(SOURCE RECORDS)
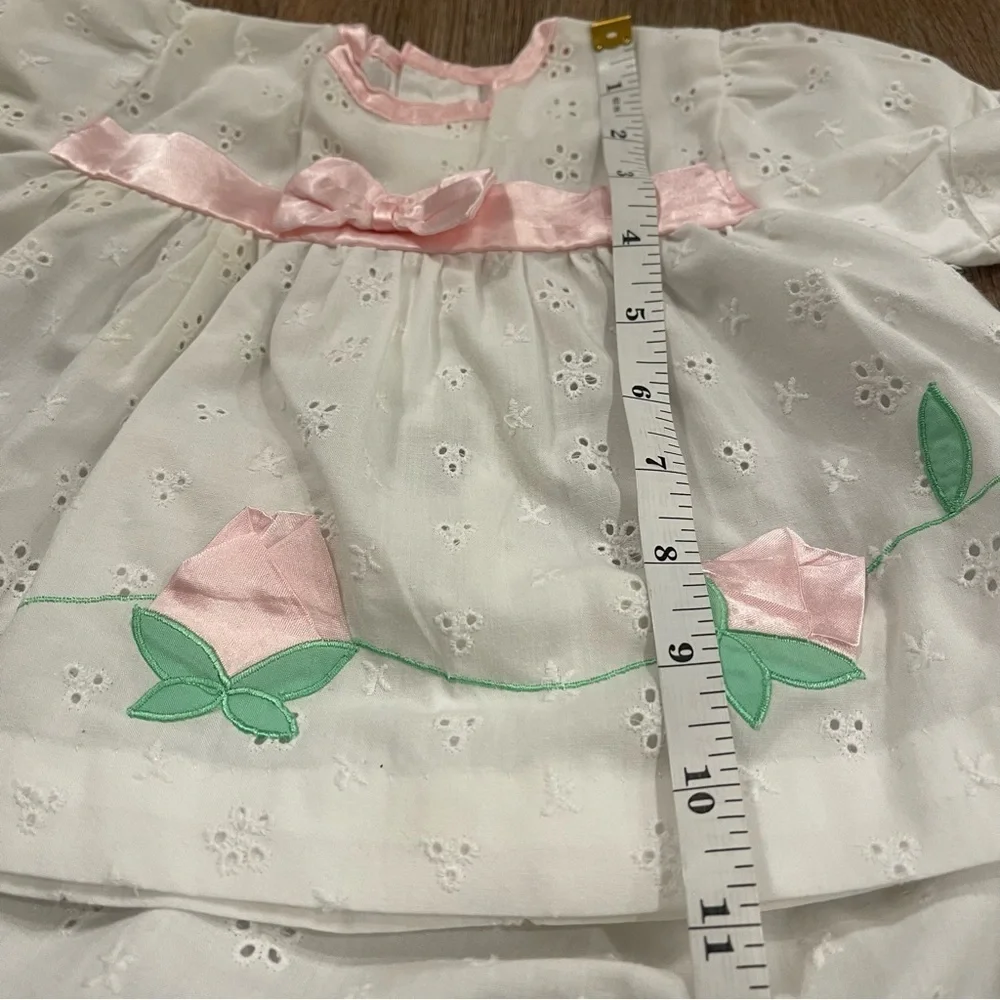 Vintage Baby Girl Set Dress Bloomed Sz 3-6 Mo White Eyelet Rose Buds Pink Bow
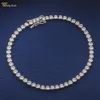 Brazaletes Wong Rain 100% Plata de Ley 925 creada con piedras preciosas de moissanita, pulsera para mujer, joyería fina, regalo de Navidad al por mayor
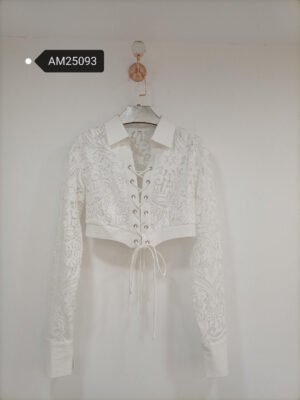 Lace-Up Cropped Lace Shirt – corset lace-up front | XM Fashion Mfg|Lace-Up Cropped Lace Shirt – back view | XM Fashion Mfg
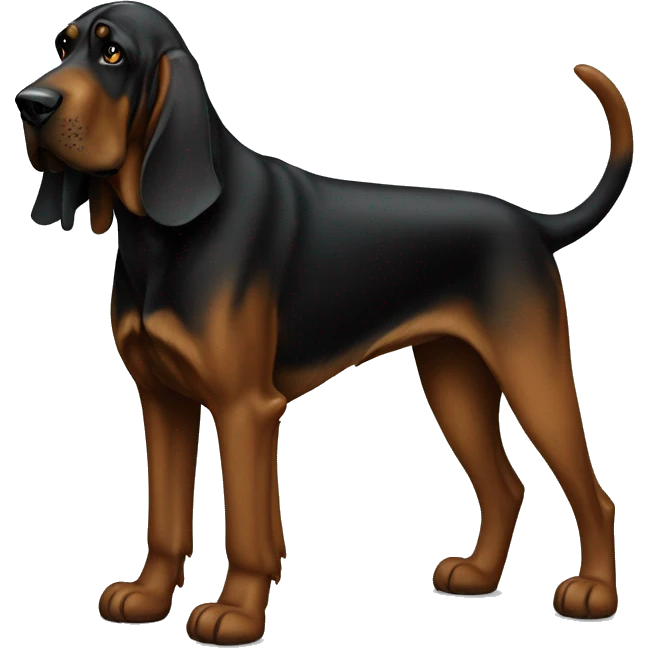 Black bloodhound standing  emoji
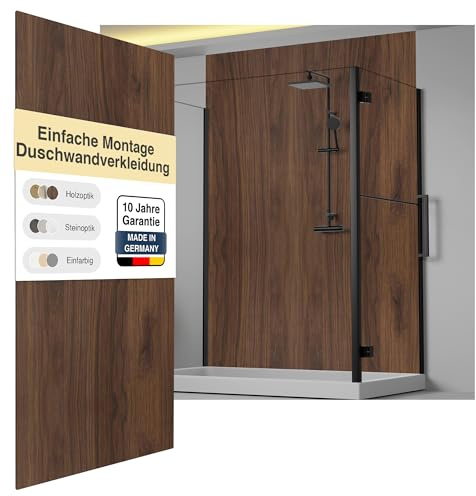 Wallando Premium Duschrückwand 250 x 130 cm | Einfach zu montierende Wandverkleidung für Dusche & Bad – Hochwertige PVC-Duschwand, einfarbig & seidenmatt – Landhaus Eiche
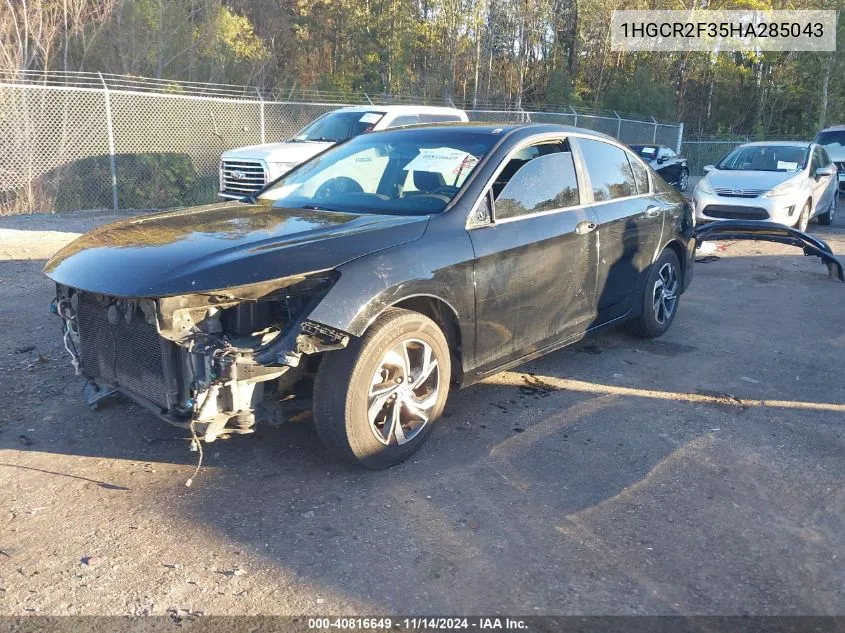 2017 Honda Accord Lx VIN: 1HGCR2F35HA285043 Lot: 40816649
(End SOURCE RECORDS)
(SOURCE RECORDS)
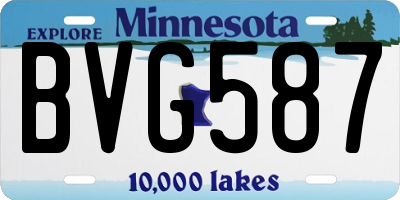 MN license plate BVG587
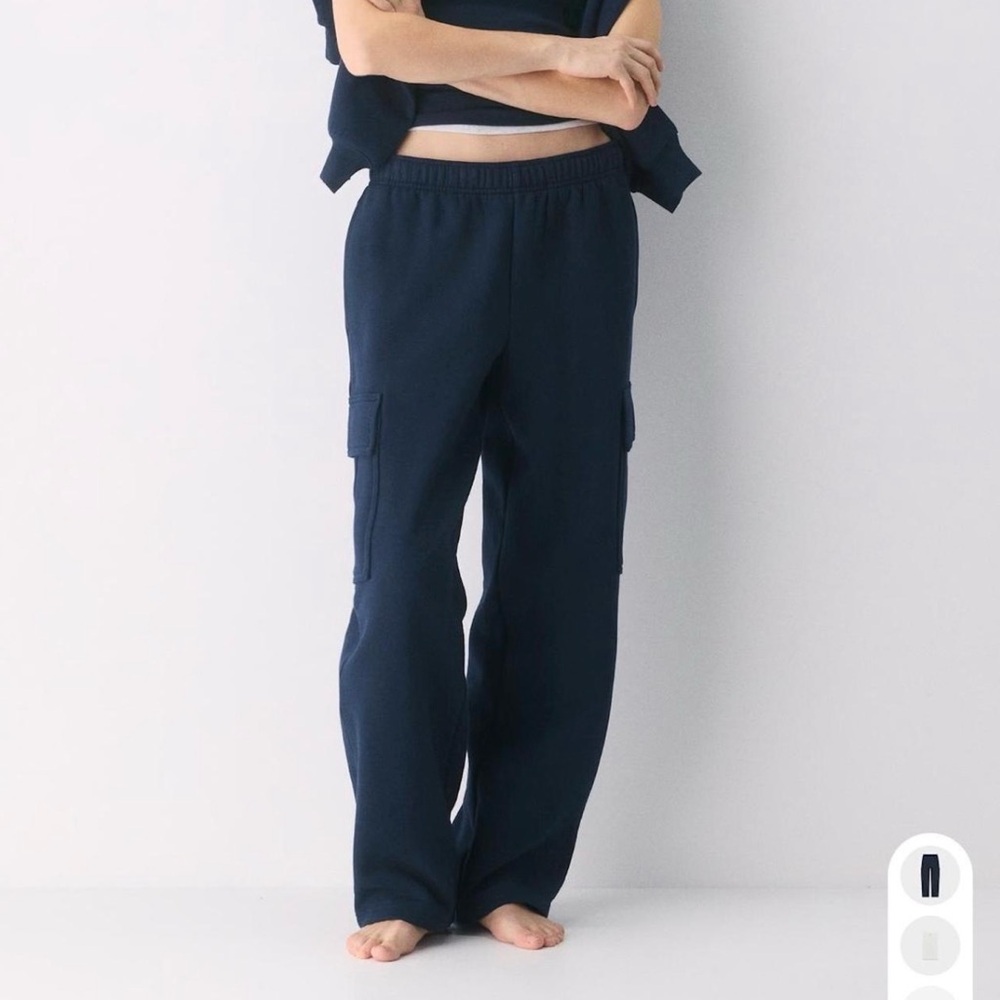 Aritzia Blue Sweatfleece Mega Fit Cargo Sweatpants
(End SOURCE RECORDS)
(SOURCE RECORDS)
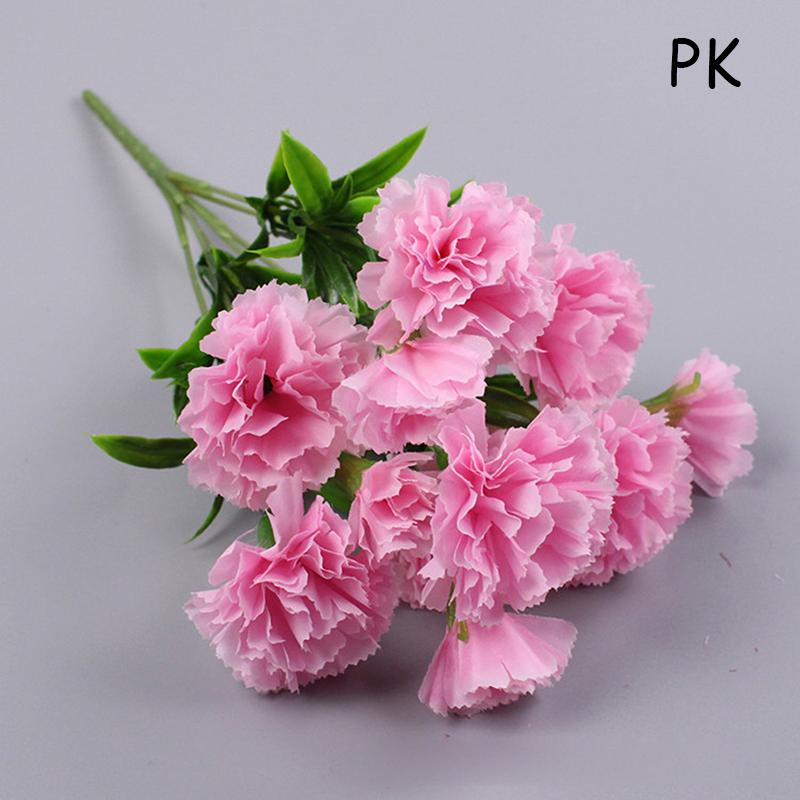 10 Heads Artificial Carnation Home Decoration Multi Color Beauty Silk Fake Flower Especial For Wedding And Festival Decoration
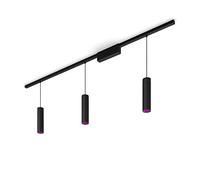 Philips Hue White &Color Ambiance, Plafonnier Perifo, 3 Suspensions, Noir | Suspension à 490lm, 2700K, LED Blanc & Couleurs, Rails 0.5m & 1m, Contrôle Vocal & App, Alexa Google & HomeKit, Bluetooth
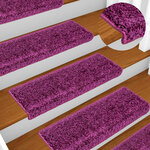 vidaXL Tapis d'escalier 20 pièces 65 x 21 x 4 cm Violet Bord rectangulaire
(End SOURCE RECORDS)
_WORK TO BE COMPLETED_.
In the listing above, find the line containing "Vintage Baby Girl" and the line containing "2017 Honda Accord", then write out both of them and every line between, exactly, with no pictures.

_OUTPUT BELOW_.
 Vintage Baby Girl Set Dress Bloomed Sz 3-6 Mo White Eyelet Rose Buds Pink Bow
 Brazaletes Wong Rain 100% Plata de Ley 925 creada con piedras preciosas de moissanita, pulsera para mujer, joyería fina, regalo de Navidad al por mayor
 Lace-Up Cropped Lace Shirt – corset lace-up front | XM Fashion Mfg|Lace-Up Cropped Lace Shirt – back view | XM Fashion Mfg
 Black bloodhound standing  emoji
 Wallando Premium Duschrückwand 250 x 130 cm | Einfach zu montierende Wandverkleidung für Dusche & Bad – Hochwertige PVC-Duschwand, einfarbig & seidenmatt – Landhaus Eiche
 2017 Honda Accord Lx VIN: 1HGCR2F35HA285043 Lot: 40816649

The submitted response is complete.